The Thessaloniki Active & Healthy Ageing Living Lab (Thess-AHALL) has recently published a new paper on “Teaching university students co-creation and living lab methodologies through experiential learning activities and preparing them for RRI” (Evdokimos Konstantinidis, Despoina Petsani, Panagiotis D. Bamidis, Feb 2021). In this research work, published in the Health Informatics Journal (IF:2.93) is presented the methodology, followed to bring students closer to stakeholders and make them understand the value of co-creation in living labs. This is for an interesting approach, combining co-creation, experiential training & social innovation methodologies, developed by Thess-AHALL under the need for increasing interactive learning & deploying living lab methodologies towards the deep knowledge and understanding of stakeholders' needs and experiences, so as students to develop solutions, based on real requirements and not just on ideal potential use-case scenarios.

About this paper:

During the last decade, the living lab and co-creation concepts have started being blended with the Responsible Research and Innovation approach, aiming to evaluate potential societal anticipations toward fostering an inclusive RRI behavior. Teaching co-creation concept and living lab methodologies to university students has started been considered as valuable for future researchers along with the demand of companies and public sectors which turn toward user-center techniques for inspiration to develop innovative and services.

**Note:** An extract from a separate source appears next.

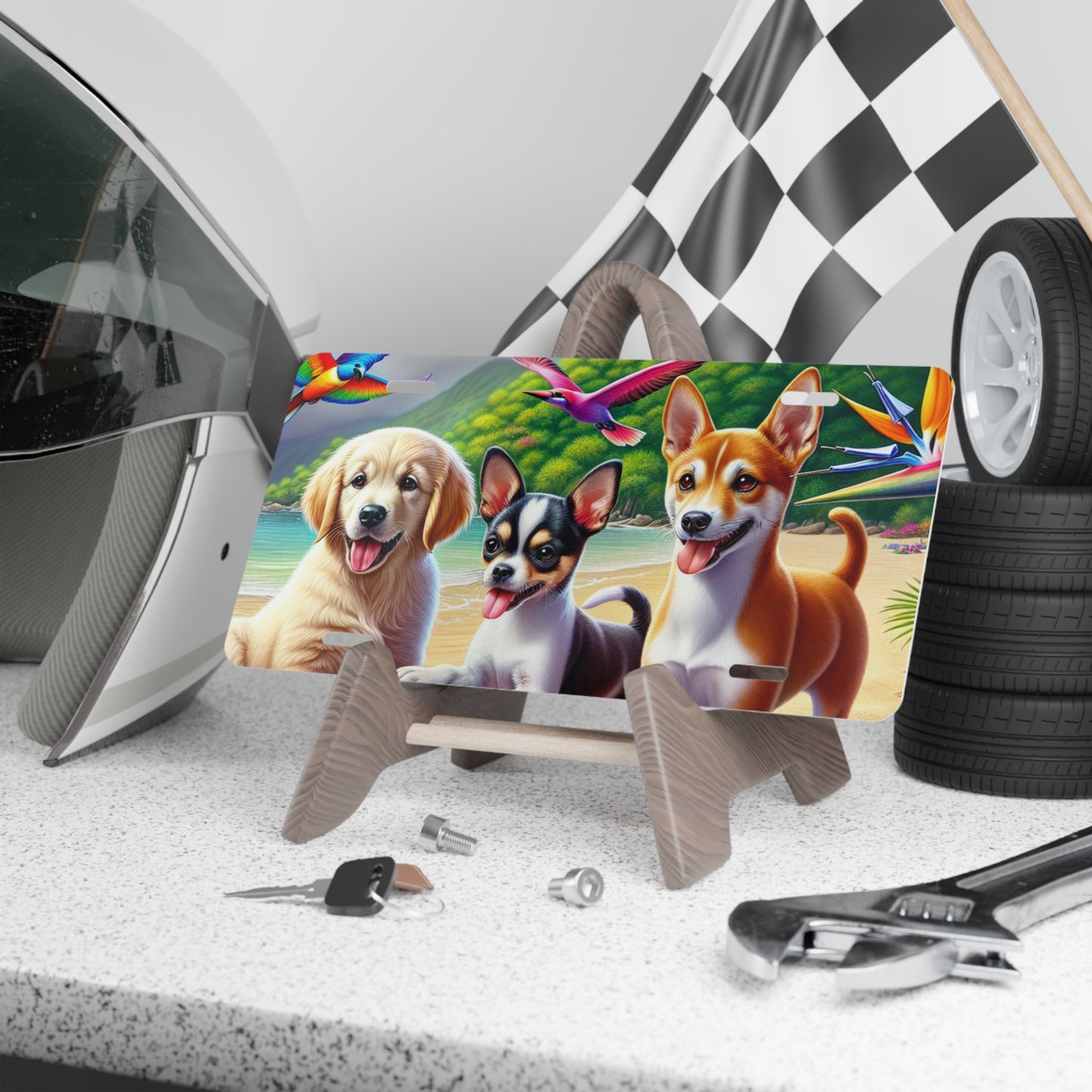 Beach Dog Party Vanity Plate - for Cars, Trucks, and Decor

To this end, the scientific publications presenting work on teaching co-creation and living lab methodologies are not so many while there are no published research studies on experiential learning activities for teaching co-creation and living lab approaches to university students. This study presents a course based on living labs and co-creation methodologies through experiential learning activities, consisted of four different lectures and an open event. The study involves stakeholders from the academia, the citizens, and the public sector. The results show that lectures with the participation of end-users were the most enjoyable. Furthermore, students thought that they learned the most when they first met the end-users. This lecture was perceived as a successful way to gain methodical knowledge for user-centered design and software development.